Subject: patch! Re: sbappend() is not scalable
To: None <tech-net@netbsd.org>
From: Alfred Perlstein <bright@wintelcom.net>
List: tech-net
Date: 10/11/1999 18:04:55
On Fri, 8 Oct 1999, Mohit Aron wrote:

> Hi,
> 	I recently did some experiments with TCP over a high b/w-delay path
> and found a scalability problem in sbappend(). The experimental setup
> consisted of a 100Mbps network with a round-trip delay of 100ms. Under this
> situation, FreeBSD's TCP version is incapable of attaining more than 65 Mbps
> on a 300MHz Pentium II - even without slow-start.
> 
> I tracked down the problem to sbappend() - the routine that appends user data
> into the socket buffers for network transmission. Every time a TCP ACK 
> acknowledges some data, space is created in the socket buffer that permits
> more data to be appended. Unfortunately, the implementation does not maintain
> a pointer to the end of the list of mbufs in the socket buffer. Thus each 
> time any data is added, the whole list of mbufs is traversed to reach the 
> very end where the data is added. Since the b/w-delay product is large, there
> can be about 600 mbufs in the socket buffer waiting to be acknowledged. Thus
> upon every ACK, about 600 mbufs are traversed causing the TCP sender to run 
> out of CPU.
> 
> The problem is not limited only to high b/w networks - it is also present in
> long latency paths (satellite links). Thus a server transferring a large file
> over a satellite link can spend lot of CPU due to the above problem.
> 
> Hope the problem shall be fixed in future releases,
> 

I'm not sure how well these patches will apply under NetBSD but I've
got something in the works for FreeBSD, it seems to work pretty ok
but I'd like a larger audiance to test it out.

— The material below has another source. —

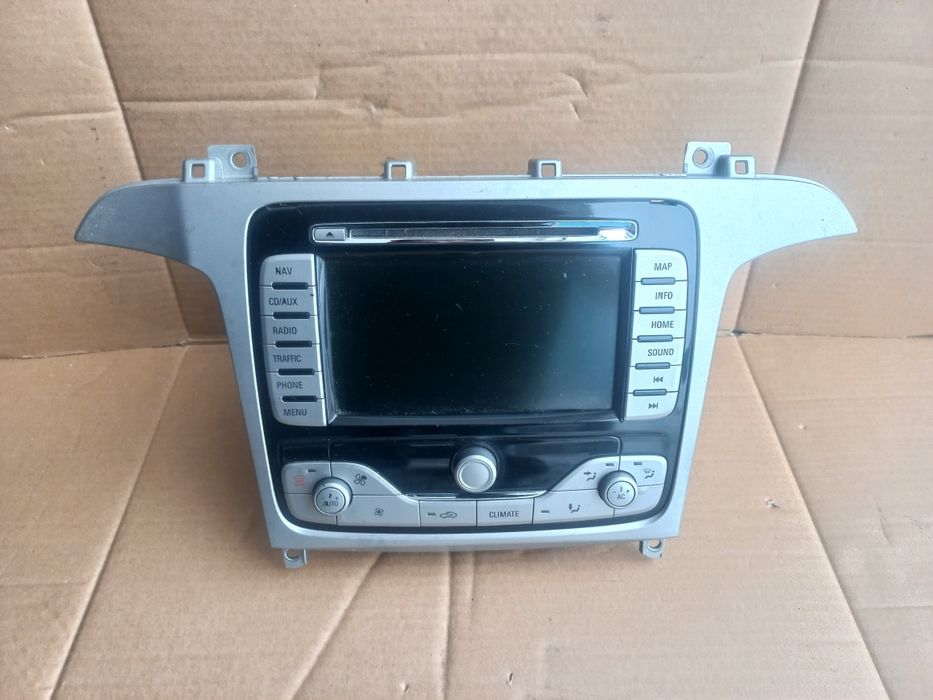 Radio z nawigacją ford s-max galaxy mondeo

http://www.freebsd.org/~alfred/sockbuf4.diff

The patches are for FreeBSD-current as of this morning.

The patches also have a smarter (imo) version of sbcompress()
that will attempt to copy less data if it can.  I apologize
in advance for the gratuitous style changes but I needed to
make the code a bit more readable.

Any feedback would be much appreciated as I don't have a
high delay and bandwith LAN to work with.

I'm also pretty sure i'm not sub'd to this list, so please
don't neglect to cc me.

thanks,
-Alfred Perlstein - [bright@rush.net|alfred@freebsd.org]
Wintelcom systems administrator and programmer
   - http://www.wintelcom.net/ [bright@wintelcom.net]